More often than not you’ll find the new group picnic shelter that the city wisely decided to keep lighted at night in use by Manteca’s most invisible residents — the homeless that don’t get in your face.

Don’t confuse them with panhandlers you see during the day plying their trade at the entrances to parking lots, freeway entrances or with their makeshift Winnegabos partially blocking sidewalks. Besides the fact that some of the panhandlers commute to Manteca to beg, the odds are most of them aren’t homeless in the sense they are sleeping on the street.

Those that make their way to the picnic shelter to kill a few hours before scattering to bed down for the night are homeless. They travel light. Perhaps they have a garbage bag or two holding their possessions. Occasionally one will have a shopping cart.

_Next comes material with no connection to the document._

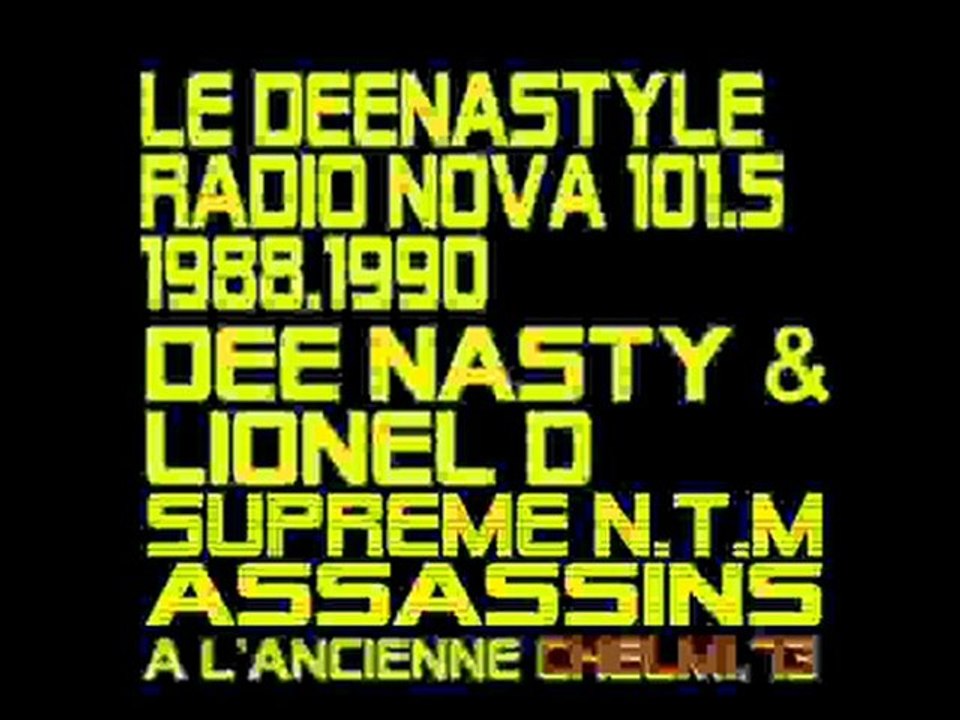 Le Deenastyle Supreme N.T.M Assassins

Chat with them and you’ll find a wide range of stories. Some are “new” to the streets. They tend to be younger, kicked out by family or people they were staying with. You want to ask why, but you don’t. Most seem clear-headed, and clear-eyed. Those with a few months or years under their belt of being free range city residents with no address of any sort while tell you that they will see kids barely out of high school — almost always males — appear on Manteca’s streets for a few days or perhaps a week or two and then never see them again.

The reasons the newbies end up on the street run the gamut from foster kids too old for the system, fighting with parents, money issues in a struggling family, or drugs.

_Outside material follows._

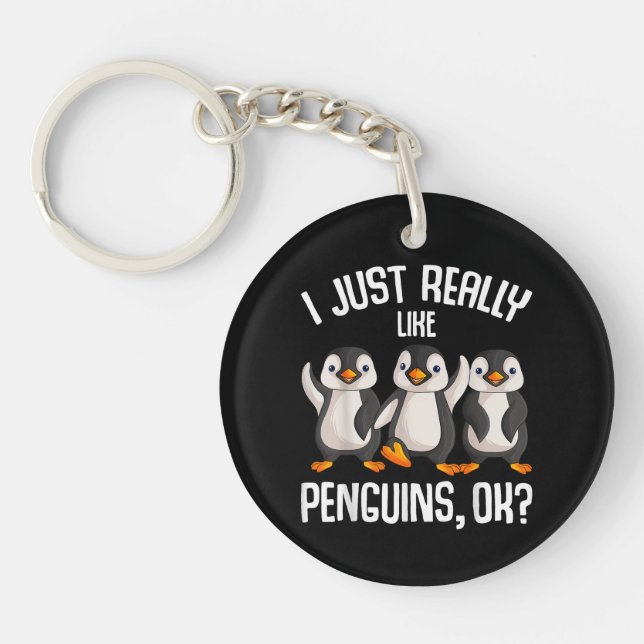 I Just Really Like Penguins Kids Girl Boys Women P Key Ring (Front)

Most find ways to get off the street. They buckle down. They sleep in friends’ garages. They hustle to get any job — or more likely multiple jobs — that they can. Those that get off the street have a common dominator according to one older gent who says he’s been on the streets in Manteca for the better part of two years. They don’t do drugs or alcohol, at least when they are on the streets. Perhaps they never did. Perhaps it is out of fear. Or perhaps they want to use what limited resources they have to get off the street.

Live in a neighborhood like Powers Tract that is along two corridors — Yosemite Avenue and Moffat Boulevard with Powers Avenue being a popular connector — that many homeless  travel after most of the city sleeps and you will learn a lot about Manteca’s invisible residents especially when you are headed home just before the bars close.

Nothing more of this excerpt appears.